"to make too hot, heat to excess" (transitive), late 14c., overhēten, from over- + heat (v.). Intransitive sense "to become too hot" is by 1902, originally in reference to motor engines. Related: Overheated; overheating.
word-forming element meaning variously "above; highest; across; higher in power or authority; too much; above normal; outer; beyond in time, too long," from Old English ofer (from PIE root *uper "over"). Over and its Germanic relations were widely used as prefixes, and sometimes could be used with negative force. This is rare in Modern English, but compare Gothic ufarmunnon "to forget," ufar-swaran "to swear falsely;" Old English ofercræft "fraud."
In some of its uses, moreover, over is a movable element, which can be prefixed at will to almost any verb or adjective of suitable sense, as freely as an adjective can be placed before a substantive or an adverb before an adjective. [OED]
Among the old words not now existing are Old English oferlufu (Middle English oferlufe), literally "over-love," hence "excessive or immoderate love." Over- in Middle English also could carry a sense of "too little, below normal," as in over-lyght "of too little weight" (c. 1400), overlitel "too small" (mid-14c.), overshort, etc.
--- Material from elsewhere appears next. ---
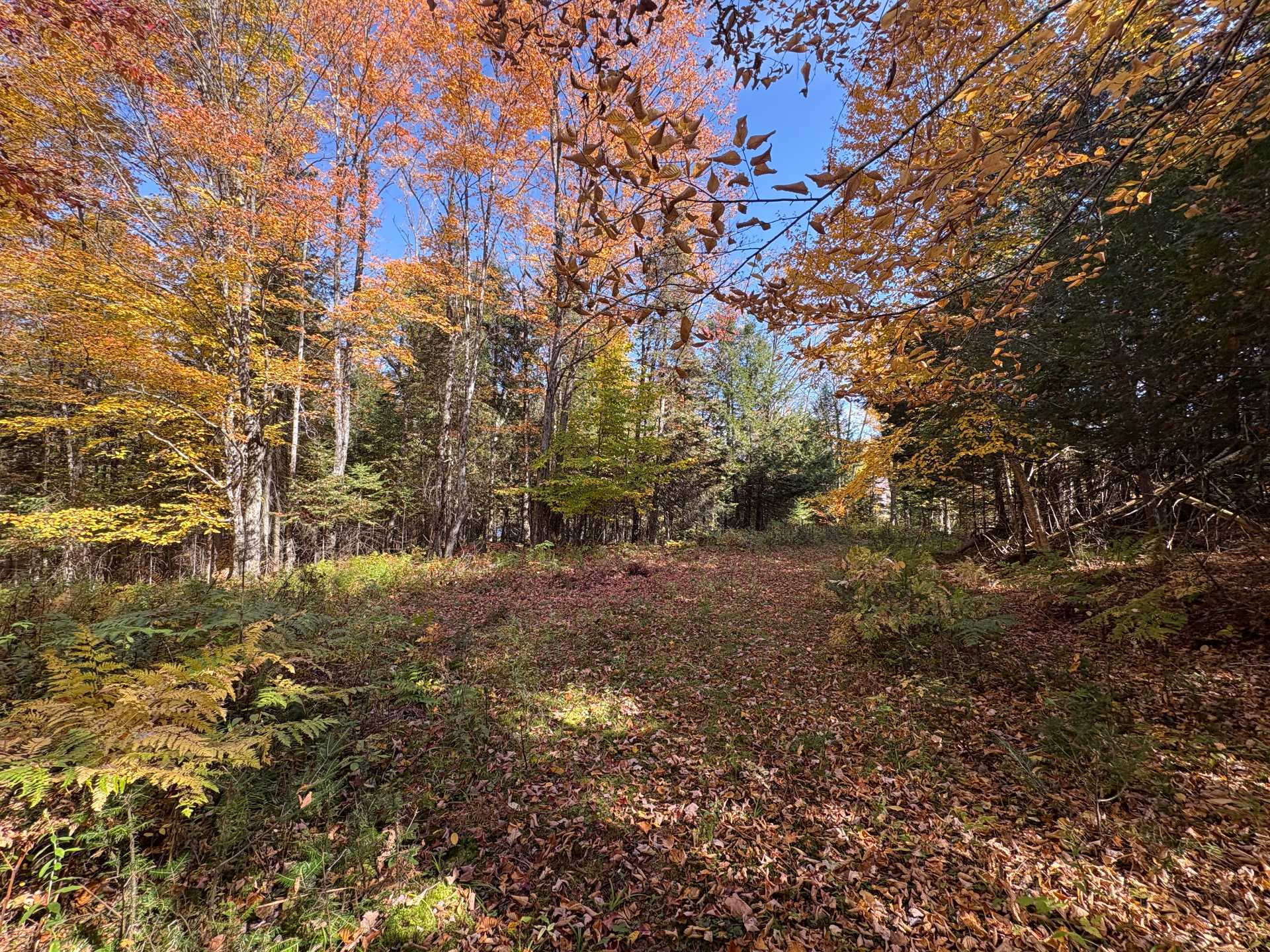 Land/Lot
Old English hætan "to make hot; to become hot," from Proto-Germanic *haita- (see heat (n.)). Related: Heated (with many variants in Middle English); heating. Bartlett ("Dictionary of Americanisms," 1848) reports that het, as past tense and past participle of heat, is "Often heard in the mouths of illiterate people." Compare Middle Dutch heeten, Dutch heten, German heizen "to heat."